*** Opening Information shown ***
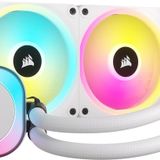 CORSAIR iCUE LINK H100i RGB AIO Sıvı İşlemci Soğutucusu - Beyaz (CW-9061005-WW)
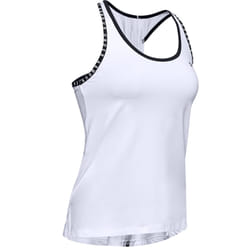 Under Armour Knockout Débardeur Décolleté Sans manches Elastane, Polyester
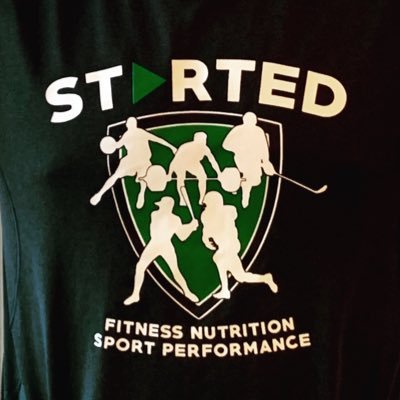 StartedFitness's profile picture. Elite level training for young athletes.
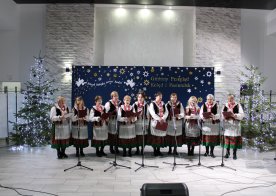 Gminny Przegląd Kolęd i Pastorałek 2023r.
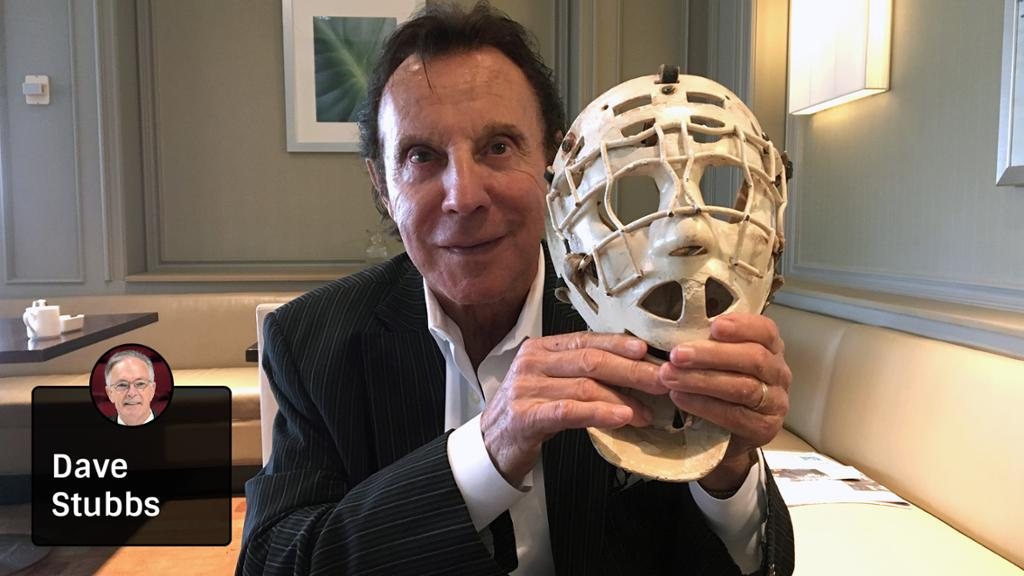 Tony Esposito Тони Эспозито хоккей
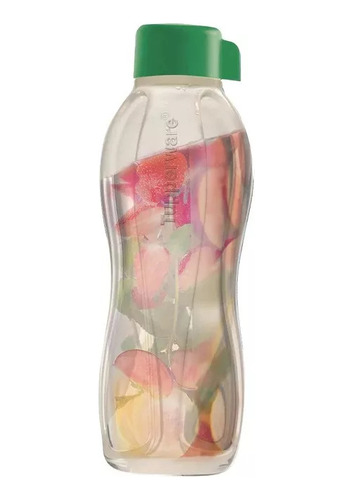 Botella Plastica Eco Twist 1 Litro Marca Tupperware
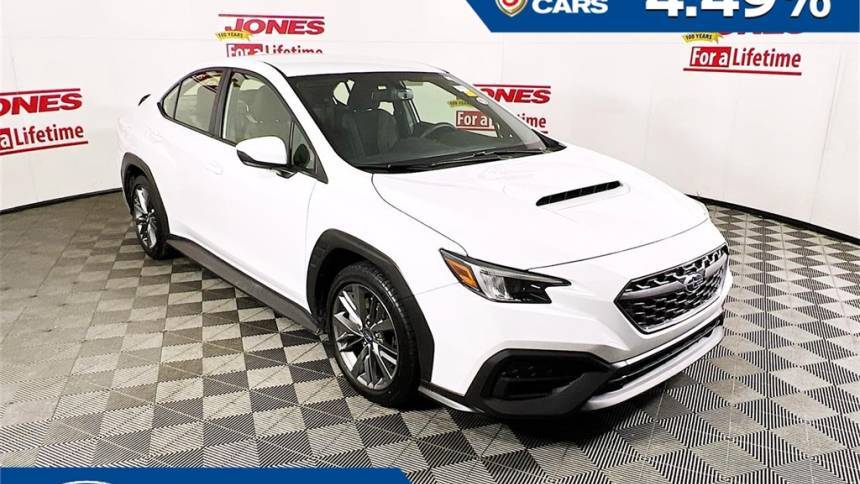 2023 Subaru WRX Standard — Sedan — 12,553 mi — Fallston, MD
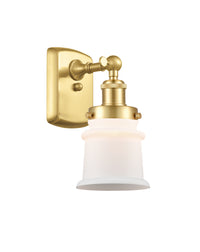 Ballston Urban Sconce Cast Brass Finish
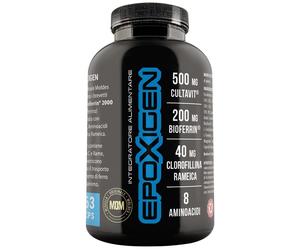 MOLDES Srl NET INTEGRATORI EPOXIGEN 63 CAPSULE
*** Closing Information shown ***
| What this task involves |
Copy exactly, and copy nothing else: the lines from the start of the data above through the line that holds "Tony Esposito Тони Эспозито хоккей". The pictures stay out.

| Answer for this exercise |
 CORSAIR iCUE LINK H100i RGB AIO Sıvı İşlemci Soğutucusu - Beyaz (CW-9061005-WW)
 Under Armour Knockout Débardeur Décolleté Sans manches Elastane, Polyester
 StartedFitness's profile picture. Elite level training for young athletes.
 Gminny Przegląd Kolęd i Pastorałek 2023r.
 Tony Esposito Тони Эспозито хоккей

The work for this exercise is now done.